Scraped caption text data
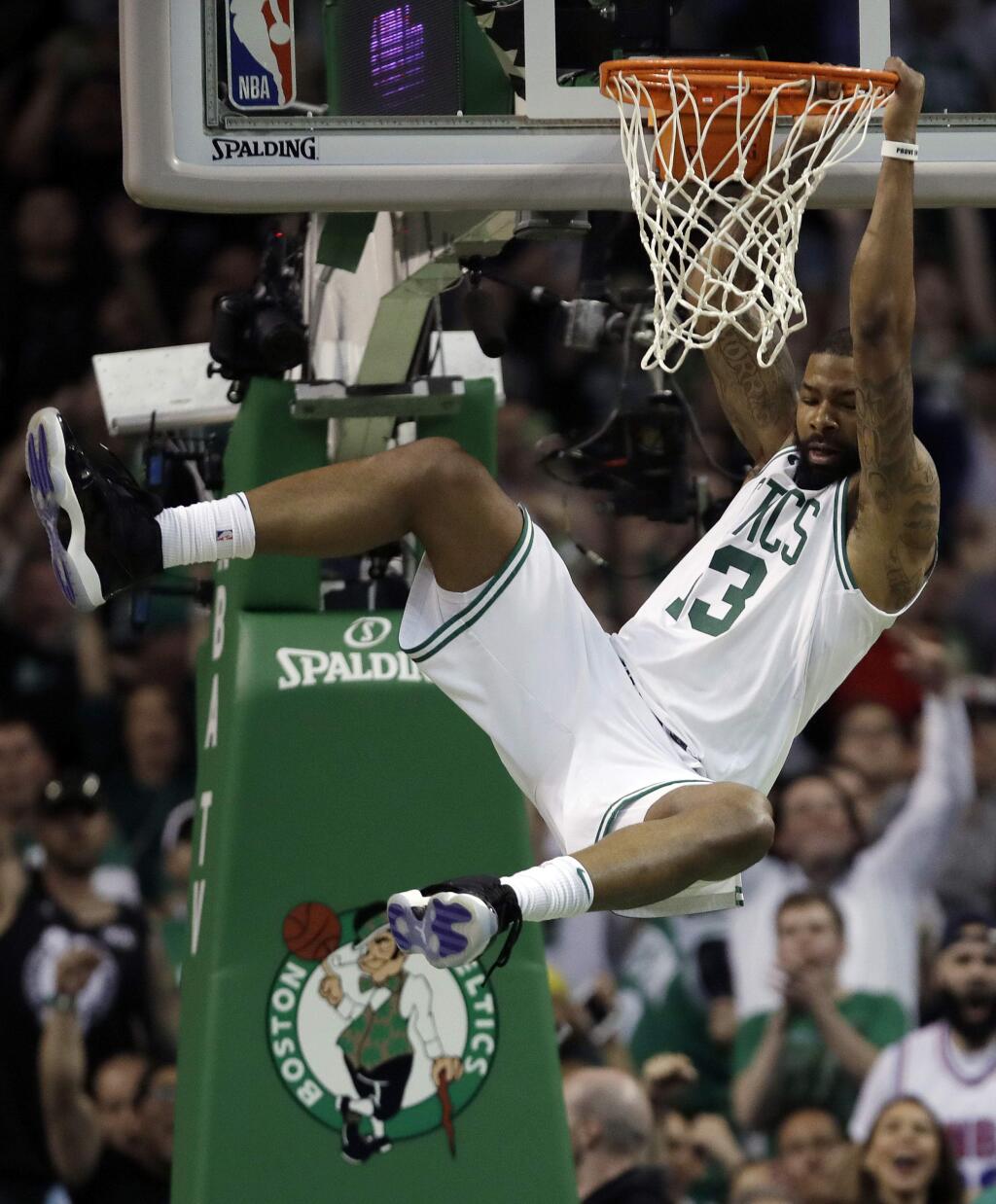 Boston Celtics forward Marcus Morris hangs from the rim after dunking against the Cleveland Cavaliers during the first half in Game 2 of the NBA Eastern Conference final Tuesday, May 15, 2018, in Boston. (AP Photo/Charles Krupa)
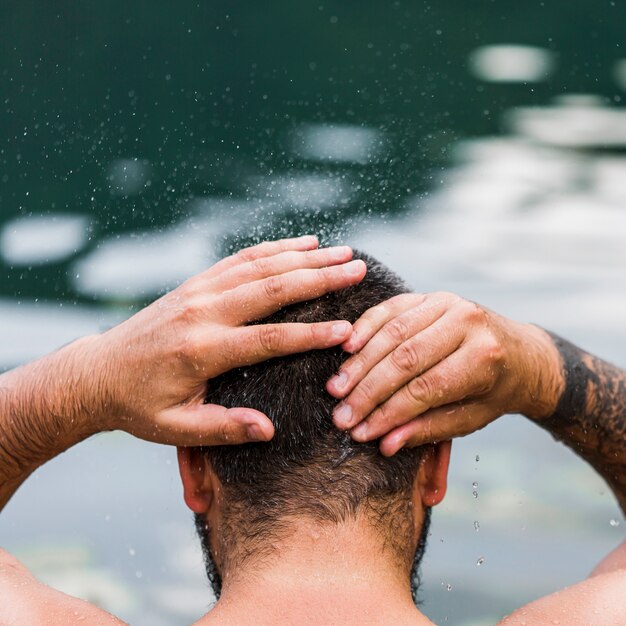 彼の頭を湖の水で洗う男のクローズアップ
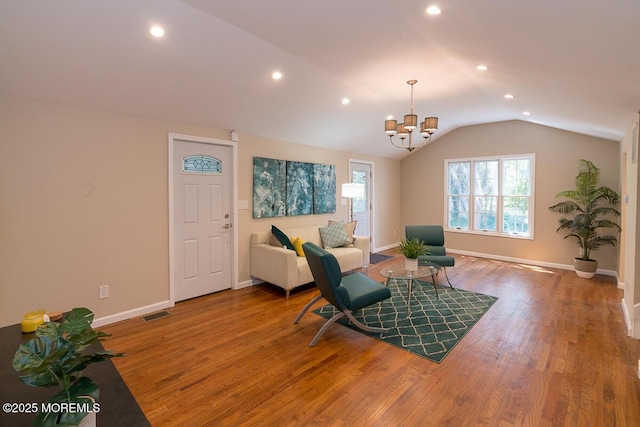 21 Wickatunk Rd, Manalapan, NJ 07726 - living room with a chandelier, wood finished floors, lofted ceiling, recessed lighting, and baseboards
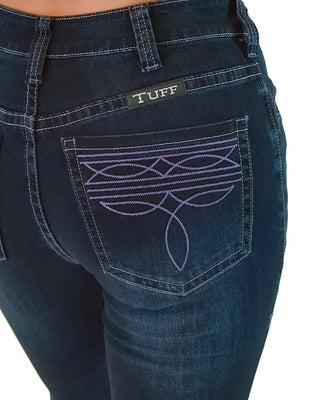 Close-up of the back of dark blue denim jeans worn by a model, showing a purple embroidered floral pattern on the back pocket and a black brand label reading TUFF.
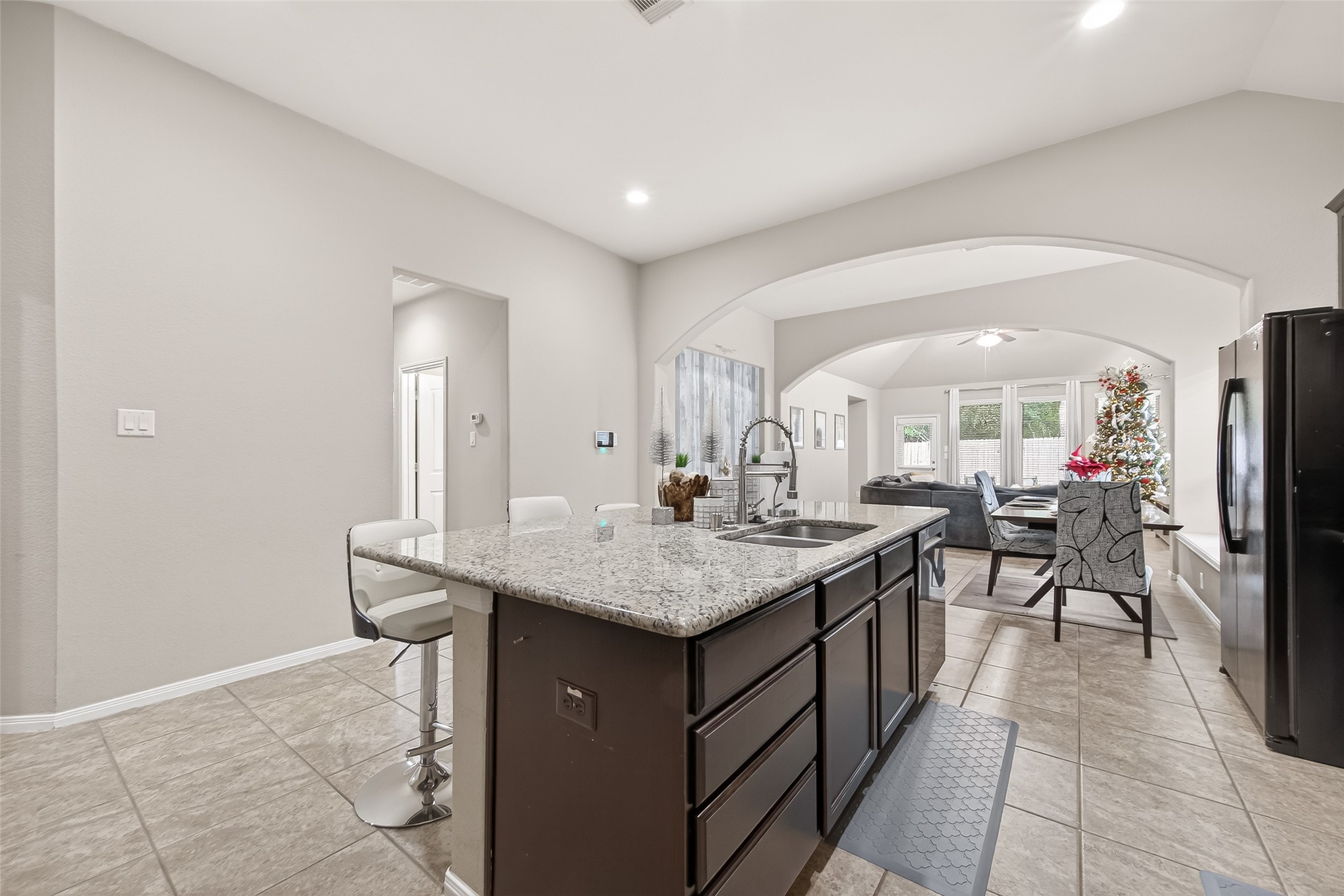 22530 Forbes Field Trail Spring, TX 77389 - Photo 19 of 50 a dining hall with stainless steel appliances granite countertop a sink and a refrigerator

Activity → In the records above, find the line with "21 Wickatunk Rd, Manalapan, NJ". Print exactly from there through the line with "Close-up of the", minus the pictures.

Task result →
 21 Wickatunk Rd, Manalapan, NJ 07726 - living room with a chandelier, wood finished floors, lofted ceiling, recessed lighting, and baseboards
 Close-up of the back of dark blue denim jeans worn by a model, showing a purple embroidered floral pattern on the back pocket and a black brand label reading TUFF.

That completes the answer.